Same Ride. Different Worlds.
Two children sit side by side on a roller coaster. One is laughing, thrilled by the rush of air and the drop ahead. The other is white-knuckled, terrified. Same ride, same moment—completely different experience.
That simple image captures one of the greatest challenges in studying the human brain. Every brain responds in its own way. No two people think, feel, or remember quite alike. That’s what makes brain science both exciting and humbling. Animal studies can describe how neurons fire or how chemicals move, but they cannot capture what it feels like to be alive, scared, joyful, or suddenly aware of a new idea.

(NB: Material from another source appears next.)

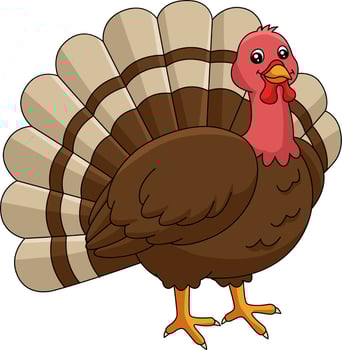 Turkey Cartoon Colored Clipart Illustration vector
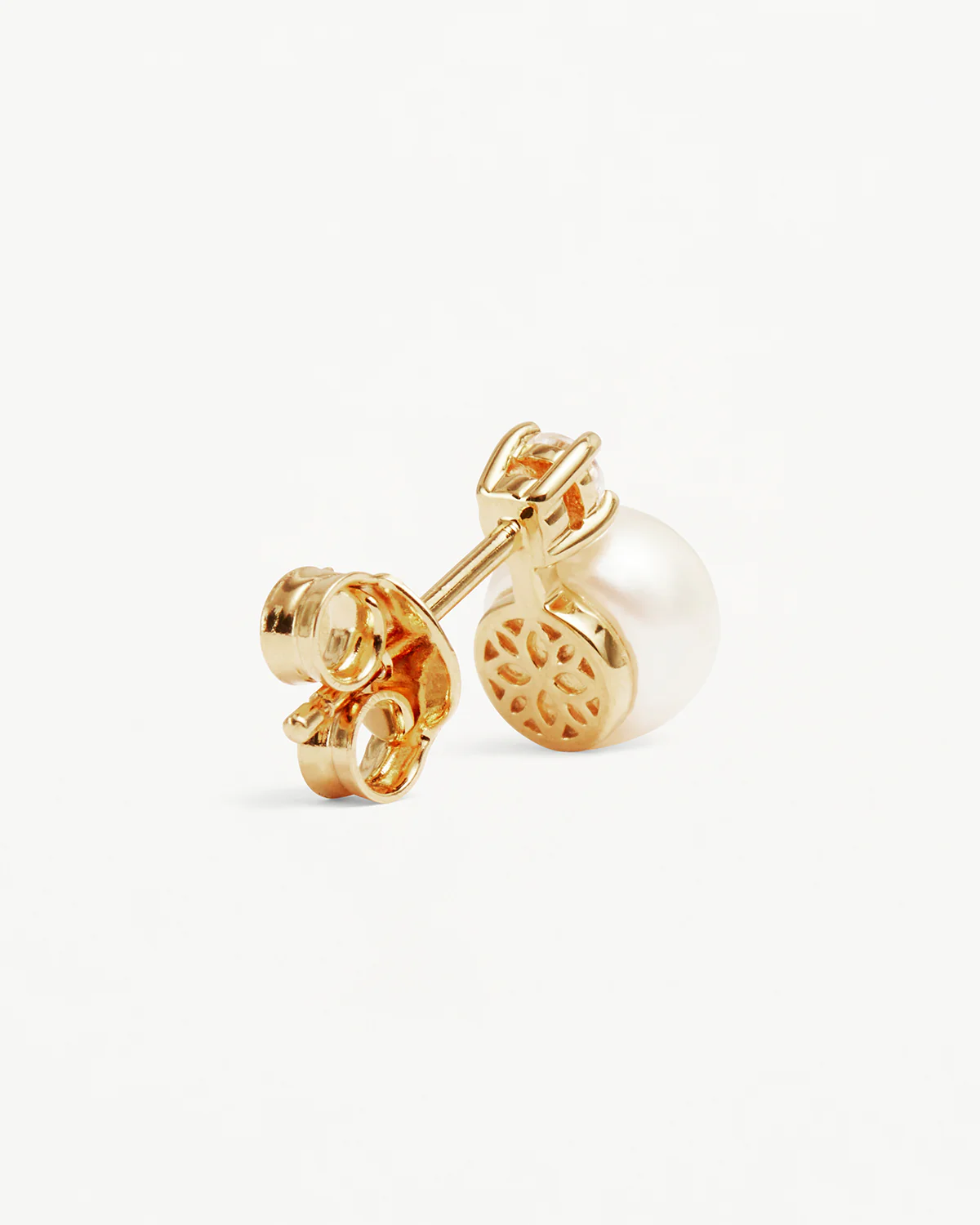 18k Gold Vermeil Moments With You Pearl Stud Earrings - 6mm - Image 3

Lidiya, in Her Magic Mushroom Memoir, was introduced to the brain through a burr hole—a direct look into living tissue, not so different from what ancient healers sought when they trephined a skull to release pain or spirits. Across the decades that followed, she learned how the quest to understand the brain demanded both precision and humility.
She watched as microscopes gave way to scanners, as the soft hum of an EEG became the vibrant color maps of fMRI. Each image promised revelation, yet each also reminded her how little we truly know. The brain remained part instrument, part mirror—reflecting not only what we think, but what we are capable of imagining, fearing, and controlling.

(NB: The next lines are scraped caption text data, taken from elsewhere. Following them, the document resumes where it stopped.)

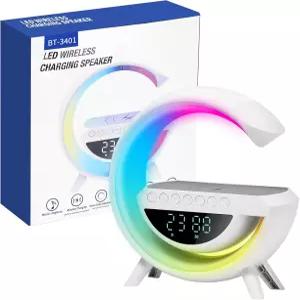 테이블 램프 스마트 알람 시계 침실용 화이트 스피커 무선 충전기 라이트 사운드 머신 9.45인치 야간 조명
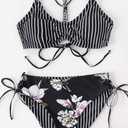 CUPSHE Women's 2 Piece Bikini Set Back Braided Straps with Reversible Bottom
  S /M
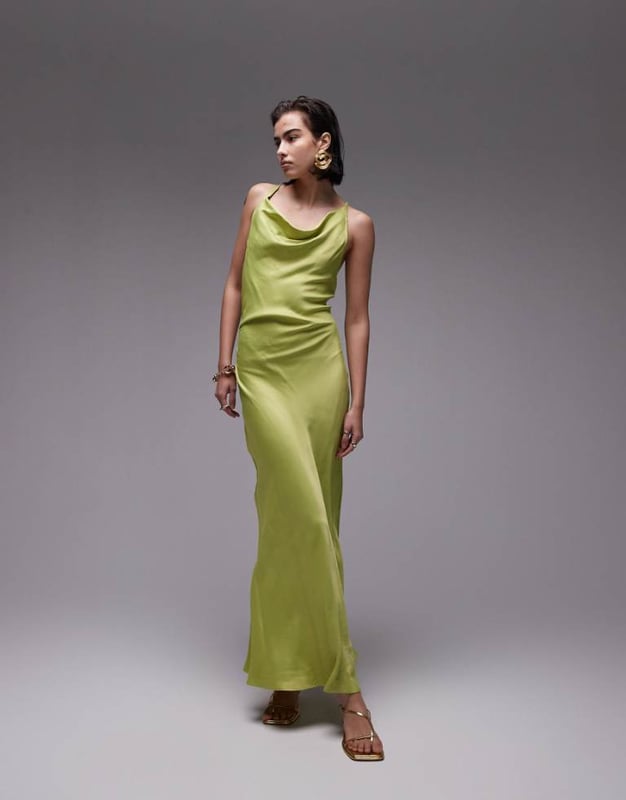 Dresses by Topshop This is Topshop Cowl neck Cross-back straps Low back Regular fitSold By: Asos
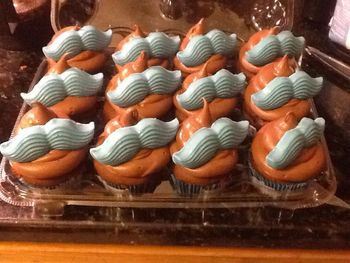 Blue Mustache Cupcakes
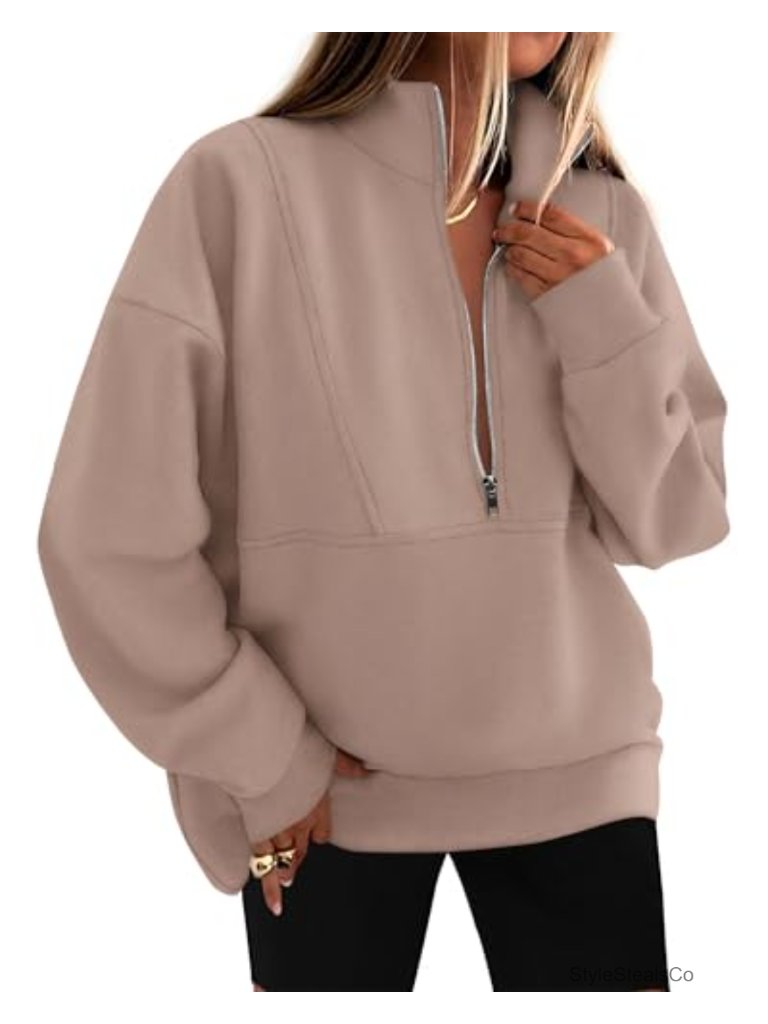 Oversized Half Zip Fleece Pullover Mock Neck Sweatshirt With Stand Collar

Every method opened a window: an MRI tunnel glowing with possibility, electrodes tracing emotion, psychedelic compounds revealing hidden networks of meaning. But each came with limits. fMRI can show where activity happens but not when. EEG can capture timing but not place. PET scans reveal chemistry but not thought. Even together, they cannot yet explain why two riders on the same roller coaster live two entirely different worlds.
And then there is the practical barrier—literally. The brain floats in clear cerebrospinal fluid, sealed off by the blood–brain barrier, protected from most drugs, toxins, and even some cures. It is the body’s most privileged organ—and also the least accessible. Every experiment must cross that invisible moat between body and mind.

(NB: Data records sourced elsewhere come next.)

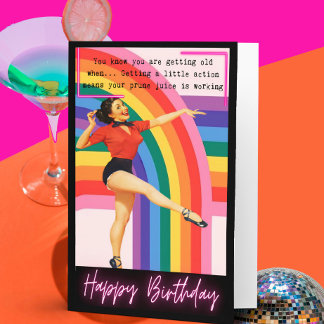 Cartão Funny Retro Birthday Card Best Friend-Sassy-Prune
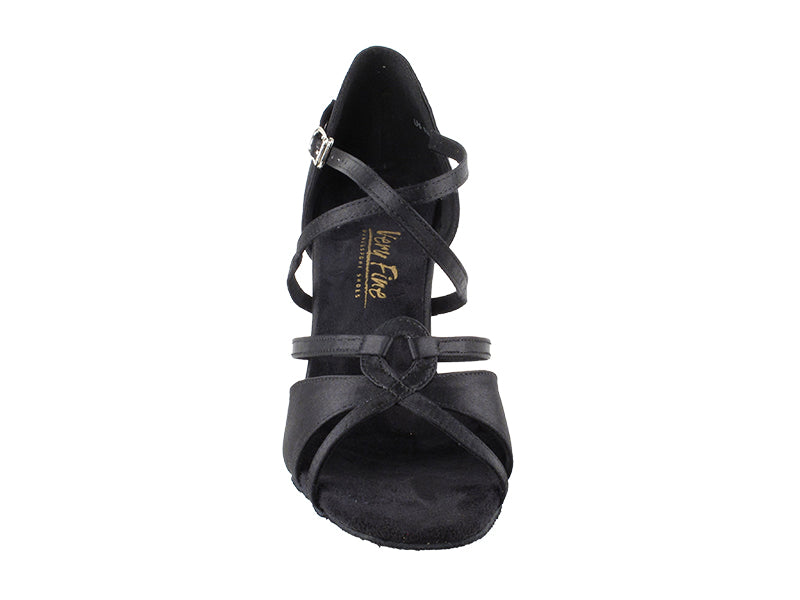 2737LEDSS Black Satin with 3" slim heel in the photo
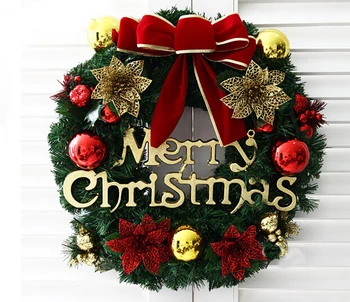 

35cm/40cm Luxury party Christmas Wreath Ornaments home Door decoration with Pinecone Bow Tie wall decoration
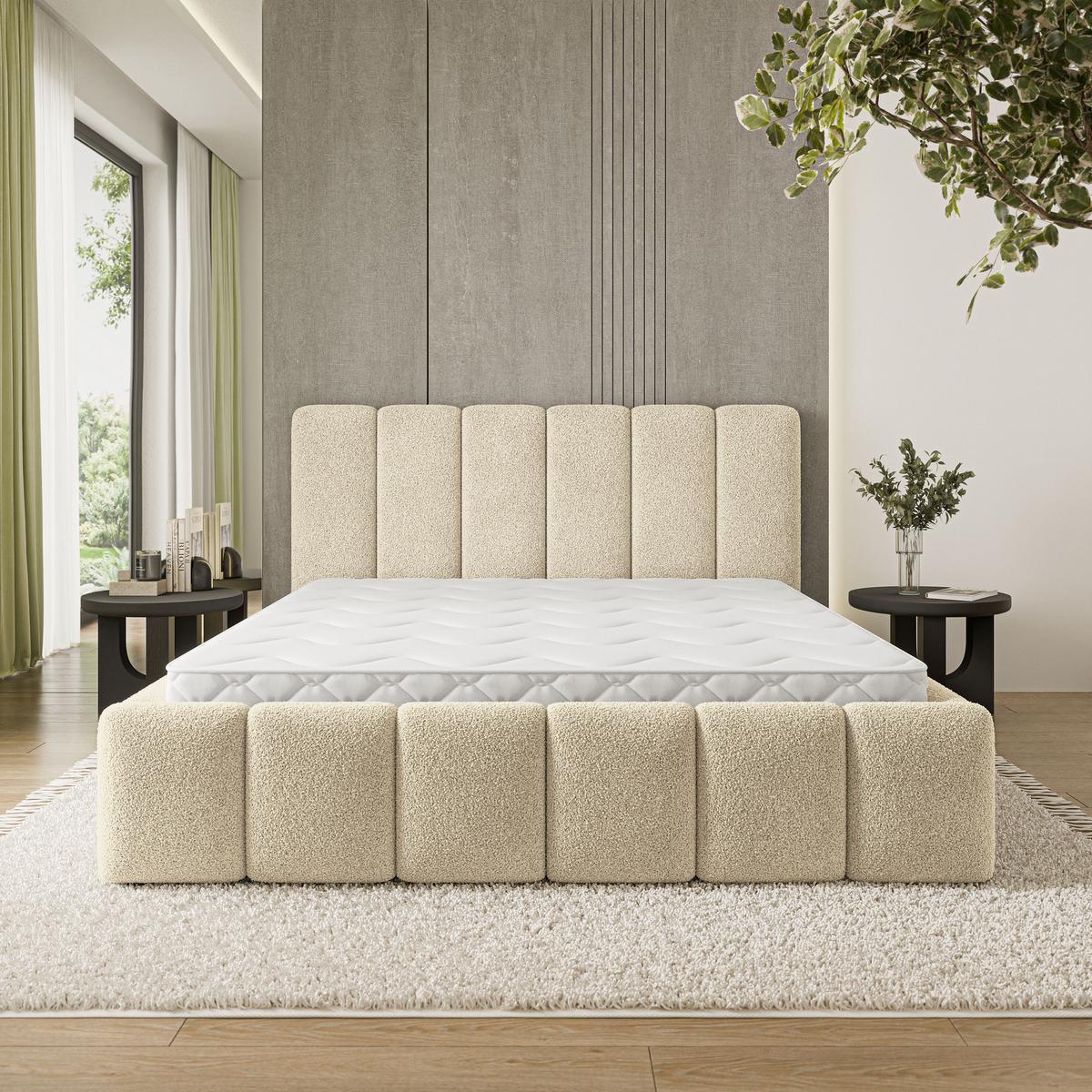 POLSTERBETT ATTORA Q 160x200 cm mit Bettkästen - Creme - Creme, Holz (160/200cm) - MASSENO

Yet this very challenge has driven some of the most creative advances in modern science. Each obstacle rejected becomes a lesson; each failure, a clue. Step by step, researchers are finding ways to reach the brain safely and precisely. For example, while psilocybin affects the brain in many ways, new approaches now show promise in capturing its therapeutic benefits without the hallucinatory journey—an evolution from mysticism to measurable medicine. (https://www.biorxiv.org/content/10.1101/2024.10.18.618582v1)
Still, beneath progress runs a necessary caution. Lidiya sensed it early: as tools become more powerful—and computers begin to interpret the brain’s signals—the same innovations that heal could also be used to manipulate. The line between exploration and control remains as thin as a neuron’s filament—bright, fragile, and worth guarding.